Hi Susan - I have the rolls.  Love the taste of them.  They are a bit chewier than normal bread and very filling - I can only manage one at a time. The carb content is 12 per roll.  They are easy to cut into 4 thin slices for the purpose of getting more of a sandwich feel.


----------



## Northerner

No Lidl near me so can't comment. However, it seems like an opportunity to air one of my earlier poems 'Low GI Bread' 

Down at the bakers, I’ve heard it’s been said,
There’s a good special offer on Low GI bread.
So I put on my coat and set off down the road
For something to lower my glycaemic load.

And there in the window in prominent view
Was a sign confirming what I’d been told was true:
‘Live your life healthy, for you’re a long time dead –
Come in and sample our Low GI bread!’

The devil inside me said ‘I wonder if they know?
They say ‘Low GI’, but what makes it so?’
So I questioned the counter girl, would she comply?
She looked rather puzzled, then gave this reply…

‘Well, the ‘Low’ means there’s less, and the ‘I’ means ‘Inside’,
But as for the ‘G’ I can’t really decide…
Could it be Garlic or Ginger or Goat?
Or (scraping the barrel!) a Gloucestershire stoat?’

‘Or Gherkins or Grapefruit, or maybe Goosefat?’
I suggested ‘Glycaemic?’ – ‘No, I don’t think it’s that –
Gammon? Or Gumbo? Or Guava? Or Gin?’
(She was beginning to wish that I hadn’t come in!)

Then a lady beside me said ‘Why would I pay more
For bread that has less of what went in before?’
That caused the girl’s listing of ‘G’ things to stop,
So we both turned round briskly and vacated the shop!


----------



## Amigo

Hilarious northerner! Tee-hee!


----------



## pottersusan

Northerner said:


> No Lidl near me so can't comment.

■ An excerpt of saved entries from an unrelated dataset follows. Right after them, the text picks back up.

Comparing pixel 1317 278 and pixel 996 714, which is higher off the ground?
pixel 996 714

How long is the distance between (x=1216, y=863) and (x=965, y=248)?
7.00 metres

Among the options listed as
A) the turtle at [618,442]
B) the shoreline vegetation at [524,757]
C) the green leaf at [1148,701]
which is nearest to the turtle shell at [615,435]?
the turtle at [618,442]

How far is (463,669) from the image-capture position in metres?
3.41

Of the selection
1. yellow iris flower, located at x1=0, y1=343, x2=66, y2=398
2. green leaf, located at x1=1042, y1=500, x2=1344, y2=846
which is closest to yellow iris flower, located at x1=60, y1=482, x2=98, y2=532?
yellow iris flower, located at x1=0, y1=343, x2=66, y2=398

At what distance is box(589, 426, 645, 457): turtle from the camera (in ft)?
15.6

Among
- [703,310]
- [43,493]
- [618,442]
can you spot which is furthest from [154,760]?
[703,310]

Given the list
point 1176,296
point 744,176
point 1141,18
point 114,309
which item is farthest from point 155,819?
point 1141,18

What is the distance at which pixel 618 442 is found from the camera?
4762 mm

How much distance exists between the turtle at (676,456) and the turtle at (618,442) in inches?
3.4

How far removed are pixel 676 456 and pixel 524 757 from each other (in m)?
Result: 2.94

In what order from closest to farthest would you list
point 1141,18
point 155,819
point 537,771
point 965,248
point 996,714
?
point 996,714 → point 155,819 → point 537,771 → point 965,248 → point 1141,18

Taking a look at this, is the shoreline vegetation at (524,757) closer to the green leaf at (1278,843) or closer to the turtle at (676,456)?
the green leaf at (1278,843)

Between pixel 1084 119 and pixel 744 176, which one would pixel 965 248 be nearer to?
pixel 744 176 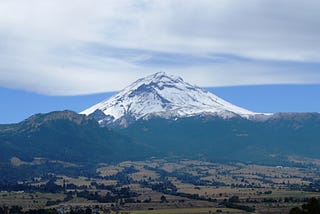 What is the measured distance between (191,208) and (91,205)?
30.5 m

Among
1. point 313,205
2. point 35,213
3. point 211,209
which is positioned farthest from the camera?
point 211,209

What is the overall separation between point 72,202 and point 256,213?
61882 millimetres

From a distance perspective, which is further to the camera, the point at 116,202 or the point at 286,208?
the point at 116,202

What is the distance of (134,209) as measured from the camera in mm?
175500

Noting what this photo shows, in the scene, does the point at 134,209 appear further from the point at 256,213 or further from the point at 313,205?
the point at 313,205

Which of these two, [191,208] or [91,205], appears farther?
[91,205]

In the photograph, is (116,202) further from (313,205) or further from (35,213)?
(313,205)

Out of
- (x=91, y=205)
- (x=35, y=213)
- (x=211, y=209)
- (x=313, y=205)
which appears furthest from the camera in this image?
(x=91, y=205)

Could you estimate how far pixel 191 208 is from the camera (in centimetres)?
17825

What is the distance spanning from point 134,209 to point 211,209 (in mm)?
20496

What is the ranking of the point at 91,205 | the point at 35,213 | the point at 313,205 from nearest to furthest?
1. the point at 313,205
2. the point at 35,213
3. the point at 91,205

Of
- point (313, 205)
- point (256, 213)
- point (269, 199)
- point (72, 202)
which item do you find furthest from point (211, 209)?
point (313, 205)

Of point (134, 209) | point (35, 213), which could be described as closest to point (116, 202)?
point (134, 209)

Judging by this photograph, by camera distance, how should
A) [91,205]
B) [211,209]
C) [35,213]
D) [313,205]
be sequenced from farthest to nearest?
1. [91,205]
2. [211,209]
3. [35,213]
4. [313,205] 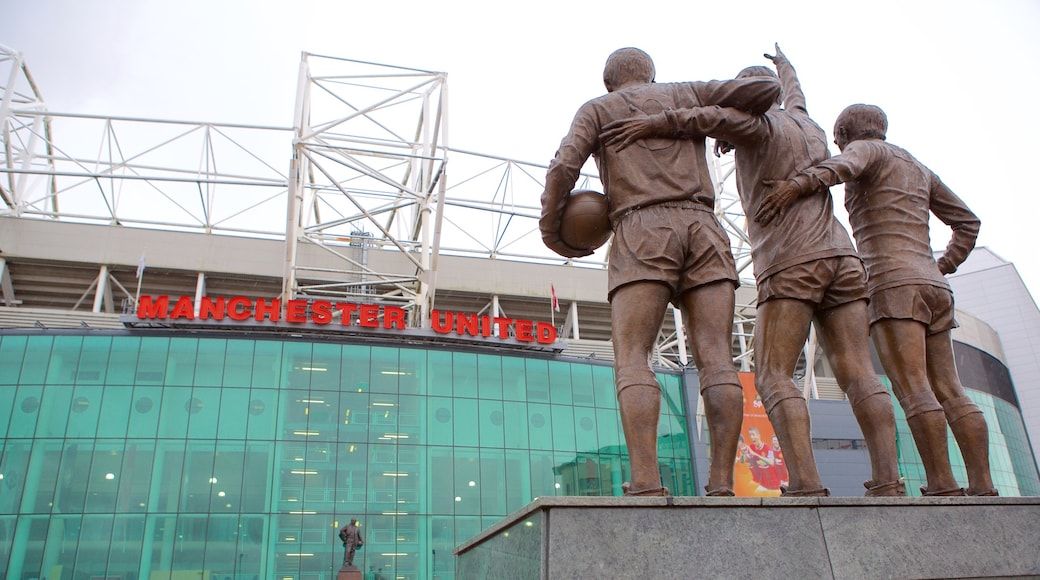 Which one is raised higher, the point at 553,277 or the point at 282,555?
the point at 553,277

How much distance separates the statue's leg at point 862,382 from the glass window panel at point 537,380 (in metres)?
26.0

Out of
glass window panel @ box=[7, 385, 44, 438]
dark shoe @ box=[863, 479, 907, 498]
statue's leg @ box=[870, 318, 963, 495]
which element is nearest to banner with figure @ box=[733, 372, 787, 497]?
glass window panel @ box=[7, 385, 44, 438]

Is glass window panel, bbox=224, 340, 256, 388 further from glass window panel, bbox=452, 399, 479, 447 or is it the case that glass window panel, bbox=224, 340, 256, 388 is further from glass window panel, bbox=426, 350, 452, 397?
glass window panel, bbox=452, 399, 479, 447

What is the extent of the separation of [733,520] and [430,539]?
84.3 feet

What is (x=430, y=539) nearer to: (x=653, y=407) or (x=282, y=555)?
(x=282, y=555)

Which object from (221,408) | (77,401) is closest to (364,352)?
(221,408)

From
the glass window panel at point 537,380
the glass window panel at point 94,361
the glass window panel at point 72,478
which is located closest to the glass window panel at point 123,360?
the glass window panel at point 94,361

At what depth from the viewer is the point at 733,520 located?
4000 mm

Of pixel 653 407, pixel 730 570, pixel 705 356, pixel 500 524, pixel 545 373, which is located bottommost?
pixel 730 570

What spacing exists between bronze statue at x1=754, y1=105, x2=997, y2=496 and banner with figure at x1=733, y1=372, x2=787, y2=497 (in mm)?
25802

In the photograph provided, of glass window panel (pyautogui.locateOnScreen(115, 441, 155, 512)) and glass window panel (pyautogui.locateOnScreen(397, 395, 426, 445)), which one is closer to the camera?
glass window panel (pyautogui.locateOnScreen(115, 441, 155, 512))

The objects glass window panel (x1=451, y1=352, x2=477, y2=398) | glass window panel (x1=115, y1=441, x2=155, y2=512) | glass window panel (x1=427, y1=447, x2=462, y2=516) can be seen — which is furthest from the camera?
glass window panel (x1=451, y1=352, x2=477, y2=398)

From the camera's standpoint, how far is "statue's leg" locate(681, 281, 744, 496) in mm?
4816

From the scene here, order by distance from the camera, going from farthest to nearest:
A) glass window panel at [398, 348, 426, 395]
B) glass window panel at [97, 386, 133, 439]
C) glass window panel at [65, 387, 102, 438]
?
glass window panel at [398, 348, 426, 395] < glass window panel at [97, 386, 133, 439] < glass window panel at [65, 387, 102, 438]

However, it seems like an opportunity to air one of my earlier poems 'Low GI Bread'
> 
> Then a lady beside me said ‘Why would I pay more
> For bread that has less of what went in before?’
> That caused the girl’s listing of ‘G’ things to stop,
> So we both turned round briskly and vacated the shop!



I must admit while having to consume 'free from' foods I do wonder why I have to pay more to get less


----------



## FergusC

This looks like it :


----------



## trophywench

Doncha just hate it when they count everything 'per 100g' meaning that you have to weigh the slice or roll or portion yourself, and do the maths?  I do !


----------



## Amigo

trophywench said:


> Doncha just hate it when they count everything 'per 100g' meaning that you have to weigh the slice or roll or portion yourself, and do the maths?  I do !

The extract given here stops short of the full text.